Ein Zitat
"Wir müssen der Wandel sein, den wir in der Welt zu sehen wünschen." Mahatma Gandhi (1869-1948)Foto © Jörg Niederer
Ein Bibelvers - Psalm 62,2
"Bei Gott schweigt meine Seele still. Von ihm kommt die Hilfe, die ich nötig habe!"
Eine Anregung
Ich habe das kleine weisse Pünktchen auf dem sonst von Brauntönen domminierten, lichtarmen Waldboden nur gesehen, weil ich stehen geblieben bin. In der Dynamik des Wanderns wäre mir der kleine Pilz, wohl ein Helmling, nie aufgefallen.

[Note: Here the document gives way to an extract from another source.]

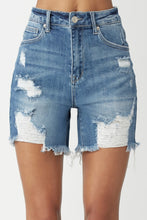 Cargar imagen en el visor de la galería, RISEN High Waisted Distressed Denim Shorts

Tags zuvor bin ich wieder einmal auf einer der wenigen Hochgeschwindigkeitsstrecken der Schweiz mit annähernd 200 Stundenkilometern unterwegs gewesen. Während die Welt im Bahnwagon, da wo wir sassen, sich kaum veränderte, entschwand das Draussen zusehends der Wahrnehmung. Unglaublich viele Dinge wurden, wie schon Reinhard Mey sang "nichtig und klein". So war es nicht weiter schlimm, dass die Bahn lange Zeit durch die Dunkelheit eines Tunnels raste und keine Blicke freigab auf das Sein und Vergehen da draussen.

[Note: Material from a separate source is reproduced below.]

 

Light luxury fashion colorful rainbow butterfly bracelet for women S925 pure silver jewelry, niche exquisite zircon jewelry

Nun frage ich mich: Reicht es, das Grosse und Ganze zu sehen? Reicht es, mit meist beachtlicher Geschwindigkeit unsere Wege zurückzulegen? Bei der Einführung der Bahn diskutierte man noch, ob die "hohe" Geschwindigkeit von 20 Stundenkilometer nicht lebensbedrohlich sei für den menschlichen Körper, der dazu doch gar nicht geschaffen sei. Heute scheint mir, dass wir in anderer Weise uns und die Welt der Geschwindigkeit opfern. Vor lauter Übersicht sehen wir die feinen und filigranen Zusammenhänge nicht mehr. Wir eilen am Leben und seiner Vielfalt vorbei. Diese wird in unseren menschlichen Augen denn auch immer gleichgültiger. Es kommt nicht mehr darauf an, dass dieser kleine Pilz noch da ist; weil wir ihn schon gar nicht mehr sehen. Die Flasche, aus dem fahrenden Auto geworfen, wird von den Personen im Fahrzeug nicht mehr gesehen. Für den Bauern, auf dessen Weide sie zerschellt ist, oder für die Passantin, die auf dem Spaziergang daran vorüber geht, sind ihre Scherben dagegen sichtbar und ärgerlich, mitunter sogar gefährlich.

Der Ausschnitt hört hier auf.